:: Recorded information ::

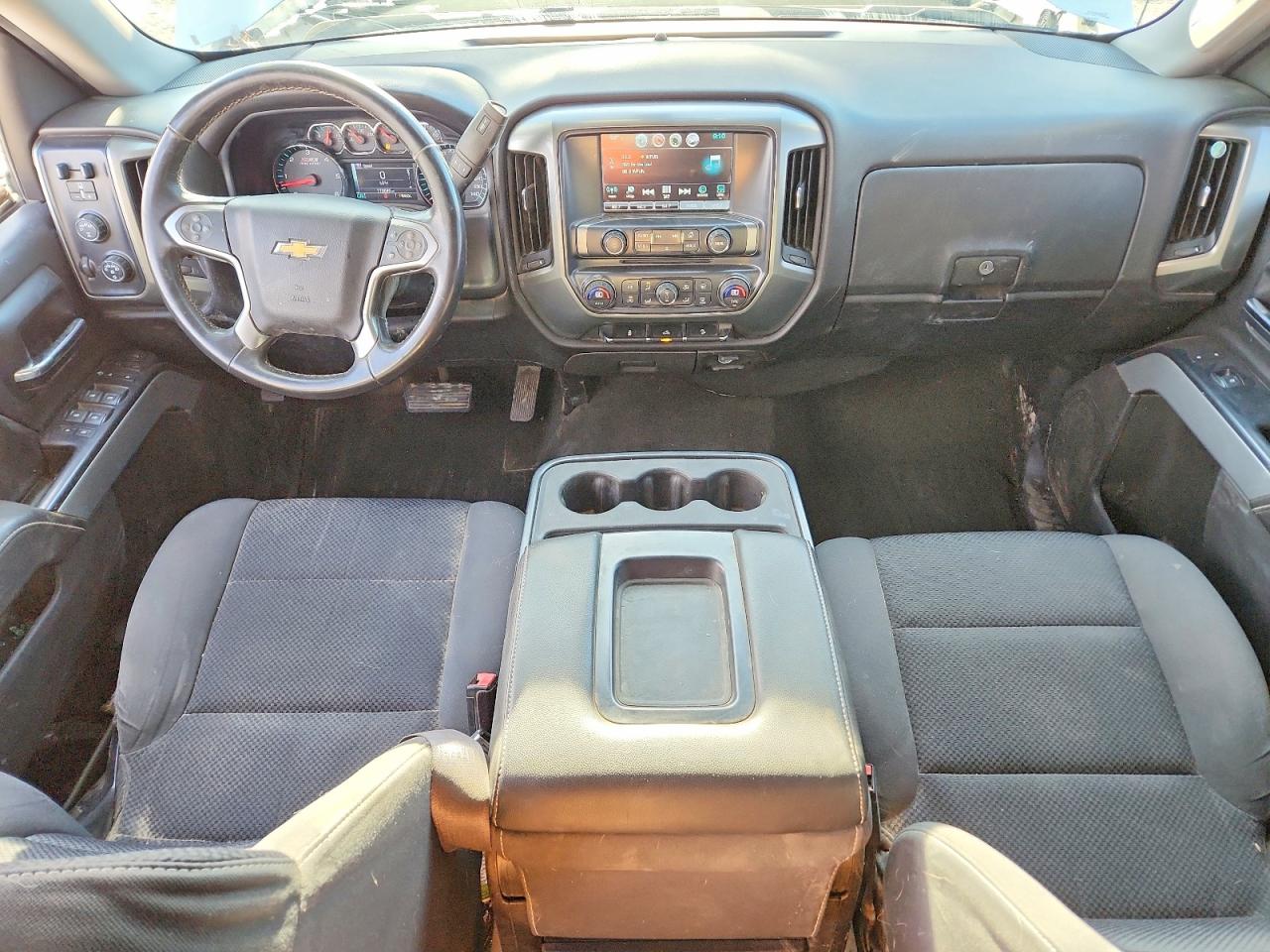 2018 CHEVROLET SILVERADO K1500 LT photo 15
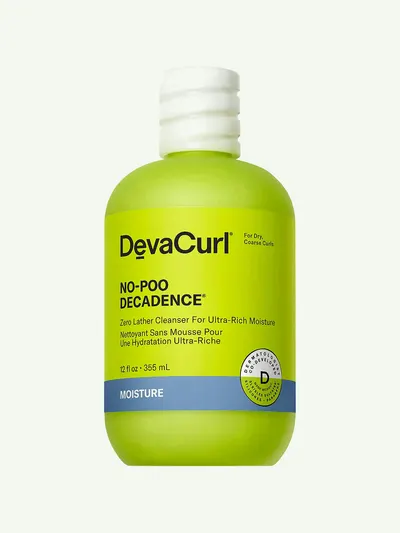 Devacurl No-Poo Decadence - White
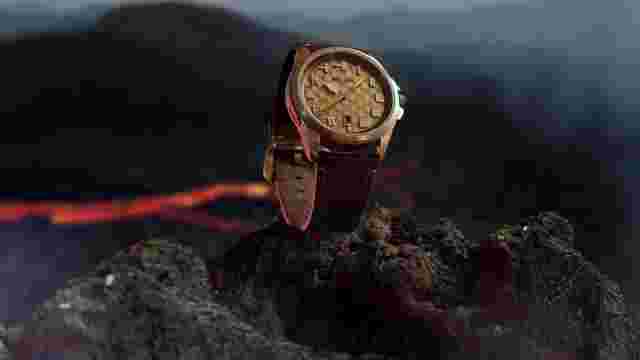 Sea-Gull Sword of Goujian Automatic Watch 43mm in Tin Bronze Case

:::

Directions:
With pictures left out, repeat exactly the lines from the one containing "Devacurl No-Poo Decadence - White" through the last line of the data above, inclusive, and nothing else.

Finished task:
 Devacurl No-Poo Decadence - White
 Sea-Gull Sword of Goujian Automatic Watch 43mm in Tin Bronze Case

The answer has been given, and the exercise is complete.